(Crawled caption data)
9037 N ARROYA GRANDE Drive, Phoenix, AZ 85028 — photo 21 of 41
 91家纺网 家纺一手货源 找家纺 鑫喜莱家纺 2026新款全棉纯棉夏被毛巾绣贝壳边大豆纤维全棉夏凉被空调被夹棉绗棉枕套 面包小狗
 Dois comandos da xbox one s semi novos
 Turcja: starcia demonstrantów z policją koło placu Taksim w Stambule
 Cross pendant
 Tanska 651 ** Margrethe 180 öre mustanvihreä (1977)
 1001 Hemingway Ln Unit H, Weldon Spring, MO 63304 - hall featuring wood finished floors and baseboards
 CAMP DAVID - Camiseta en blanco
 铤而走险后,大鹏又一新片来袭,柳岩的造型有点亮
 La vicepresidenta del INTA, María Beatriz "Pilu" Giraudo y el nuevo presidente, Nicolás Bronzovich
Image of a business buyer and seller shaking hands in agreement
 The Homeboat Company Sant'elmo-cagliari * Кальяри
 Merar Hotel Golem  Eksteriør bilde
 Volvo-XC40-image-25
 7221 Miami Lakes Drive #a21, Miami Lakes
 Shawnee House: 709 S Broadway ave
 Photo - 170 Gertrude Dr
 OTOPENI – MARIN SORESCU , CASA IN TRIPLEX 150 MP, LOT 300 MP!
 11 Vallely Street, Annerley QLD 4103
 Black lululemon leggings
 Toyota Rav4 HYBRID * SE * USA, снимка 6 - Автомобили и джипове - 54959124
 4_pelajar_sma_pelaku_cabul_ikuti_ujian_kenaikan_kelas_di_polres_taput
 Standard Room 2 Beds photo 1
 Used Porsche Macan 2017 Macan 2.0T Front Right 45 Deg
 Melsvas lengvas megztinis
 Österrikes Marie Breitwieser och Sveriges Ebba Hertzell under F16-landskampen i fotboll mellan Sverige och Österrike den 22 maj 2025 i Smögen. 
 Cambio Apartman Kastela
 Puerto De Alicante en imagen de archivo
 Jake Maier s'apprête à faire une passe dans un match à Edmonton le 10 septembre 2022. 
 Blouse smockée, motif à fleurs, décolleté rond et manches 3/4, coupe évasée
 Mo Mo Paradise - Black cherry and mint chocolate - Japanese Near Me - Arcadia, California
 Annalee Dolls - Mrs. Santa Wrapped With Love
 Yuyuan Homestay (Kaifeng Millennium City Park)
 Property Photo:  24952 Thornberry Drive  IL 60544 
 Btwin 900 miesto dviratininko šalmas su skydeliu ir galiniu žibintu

WHAT TO DO ->
Beginning at the top of the records above, transcribe each line exactly up to and including the line that holds "Volvo-XC40-image-25".

SOLUTION FOR THIS TASK ->
9037 N ARROYA GRANDE Drive, Phoenix, AZ 85028 — photo 21 of 41
 91家纺网 家纺一手货源 找家纺 鑫喜莱家纺 2026新款全棉纯棉夏被毛巾绣贝壳边大豆纤维全棉夏凉被空调被夹棉绗棉枕套 面包小狗
 Dois comandos da xbox one s semi novos
 Turcja: starcia demonstrantów z policją koło placu Taksim w Stambule
 Cross pendant
 Tanska 651 ** Margrethe 180 öre mustanvihreä (1977)
 1001 Hemingway Ln Unit H, Weldon Spring, MO 63304 - hall featuring wood finished floors and baseboards
 CAMP DAVID - Camiseta en blanco
 铤而走险后,大鹏又一新片来袭,柳岩的造型有点亮
 La vicepresidenta del INTA, María Beatriz "Pilu" Giraudo y el nuevo presidente, Nicolás Bronzovich
Image of a business buyer and seller shaking hands in agreement
 The Homeboat Company Sant'elmo-cagliari * Кальяри
 Merar Hotel Golem  Eksteriør bilde
 Volvo-XC40-image-25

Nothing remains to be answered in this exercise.